Cracking is fun and exciting now because the cracker can get the game a day or two before release and have it cracked before launch. They get to “defeat” the DRM-authoring numbskulls at SecuROM and feel like heroes. The adventure becomes a lot less fun if they have to wait until the servers go live at launch, and then they have to labor for weeks or months and play the game until they’re sick of it. And when they’re done, they’ll have a crack for an old game that nobody cares about anymore.

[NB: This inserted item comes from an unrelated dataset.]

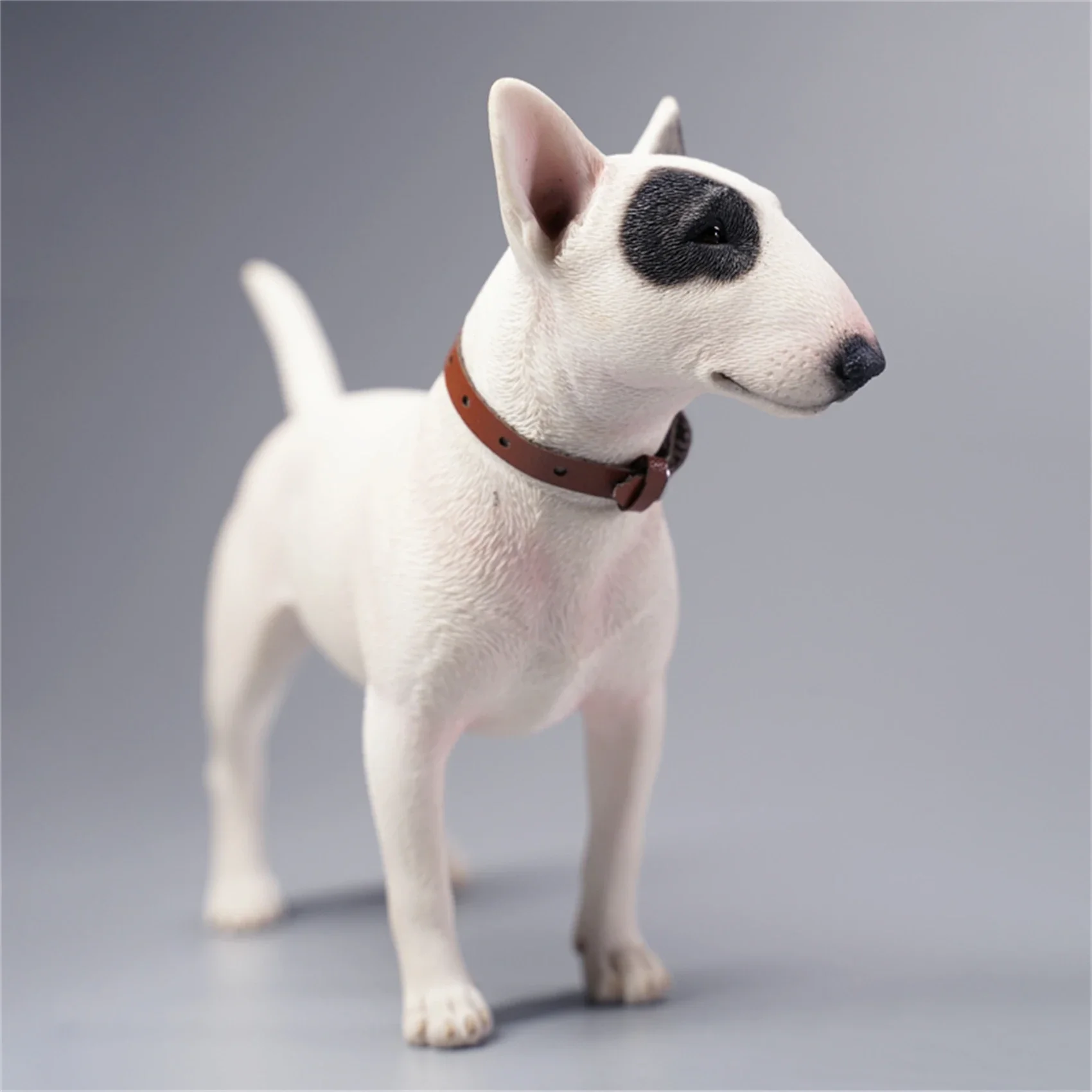 JXK 1:6 Scale Bull Terrier Figure Dog Pet Healing  Cute Canidae Animal Collector Toy Resin Desktop Decoration Gift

Of course, if publishers did this it would be a case of destroying the industry in order to save it. They would stop the pirates, but they would also stop quite a few consumers. The system would be slow to develop and expensive to produce, all so that they could (maybe) slightly increase sales on the PC, which is already the smallest platform on the market.
So I give Ubisoft credit: They have come up with a system that can eventually work. But it’s still a waste of money, abusive to legitimate customers, and criminally short-sighted. It’s a dumb idea, but they’re doing a great job at it.